Task description.
In the copy, every record below must appear exactly as given, and no picture may appear.

Records from a data source:
☆ ☆ ☆ ☆

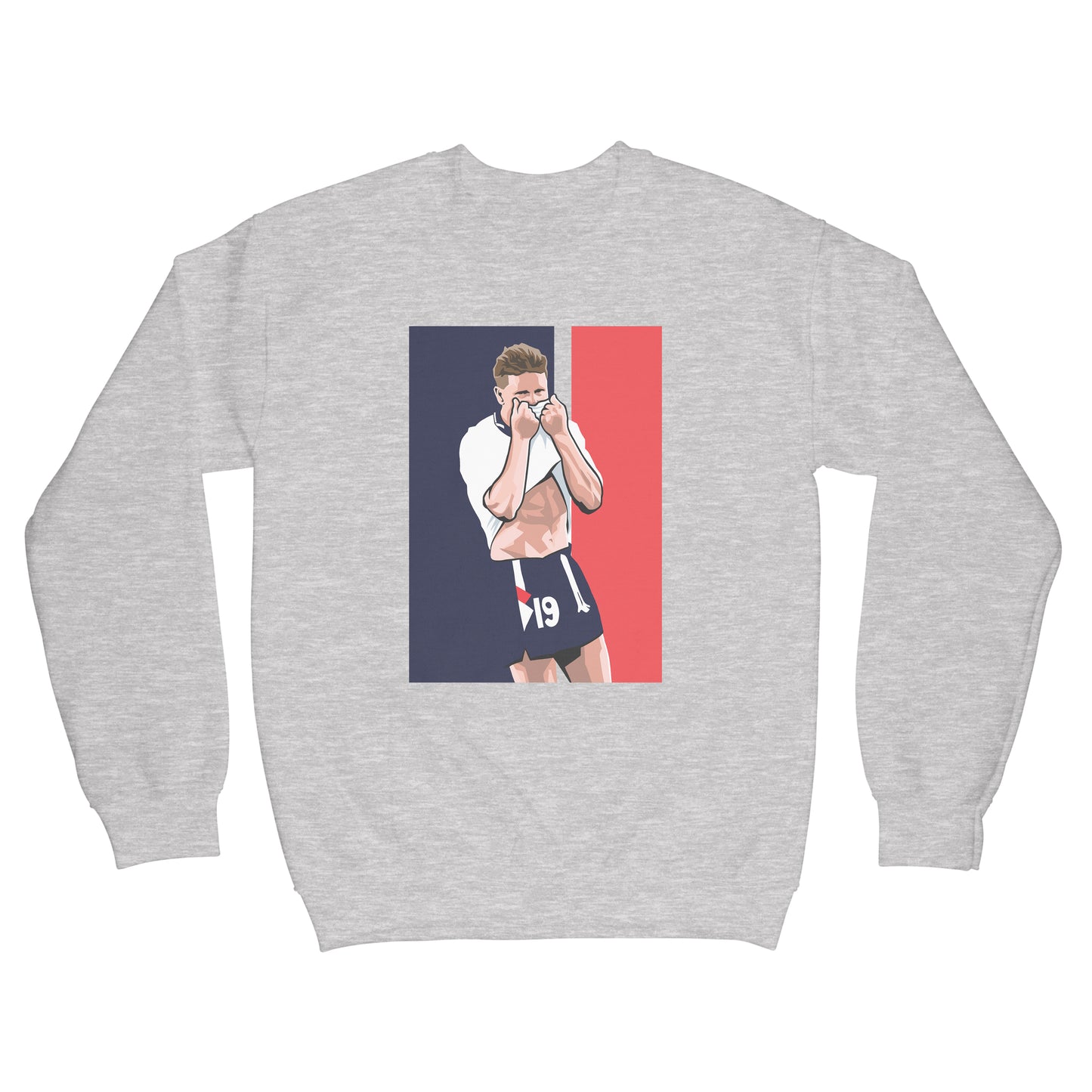 Gazza's Tears Sweatshirt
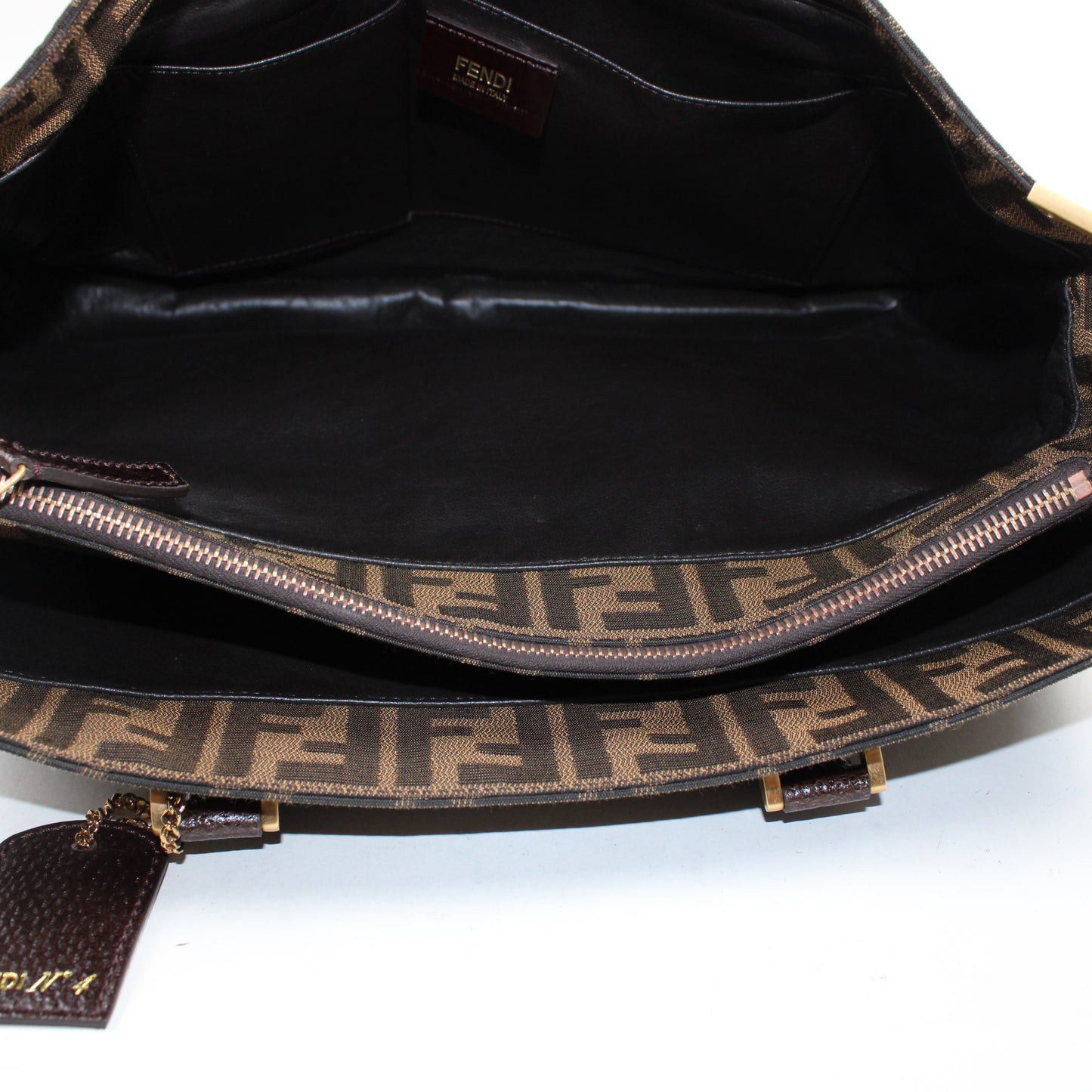 Fendi No.4 Tote Bag
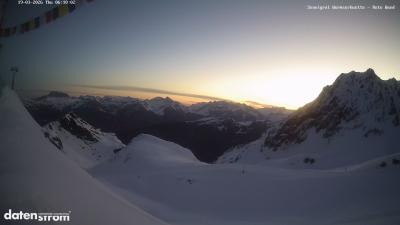 Wormser Hütte – Rote Wand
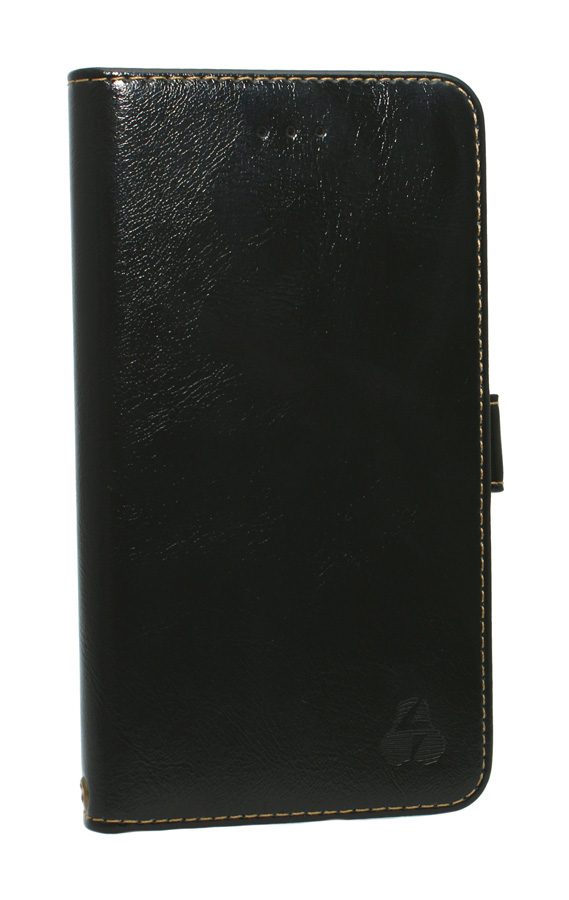 POWERTECH Θήκη Elegance Leather για Leagoo M8/M8 Pro, Black 1 POWERTECH Θήκη Elegance Leather για Leagoo M8/M8 Pro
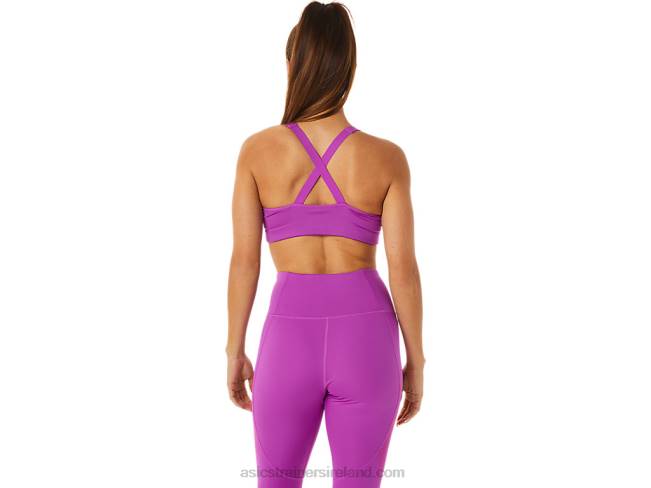 Women\s Accelerate Bra Orchid Asics XXPD3043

☆ ☆ ☆ ☆

Solution to this task.
 Gazza's Tears Sweatshirt
 Fendi No.4 Tote Bag
 Wormser Hütte – Rote Wand
 POWERTECH Θήκη Elegance Leather για Leagoo M8/M8 Pro, Black 1 POWERTECH Θήκη Elegance Leather για Leagoo M8/M8 Pro
 Women\s Accelerate Bra Orchid Asics XXPD3043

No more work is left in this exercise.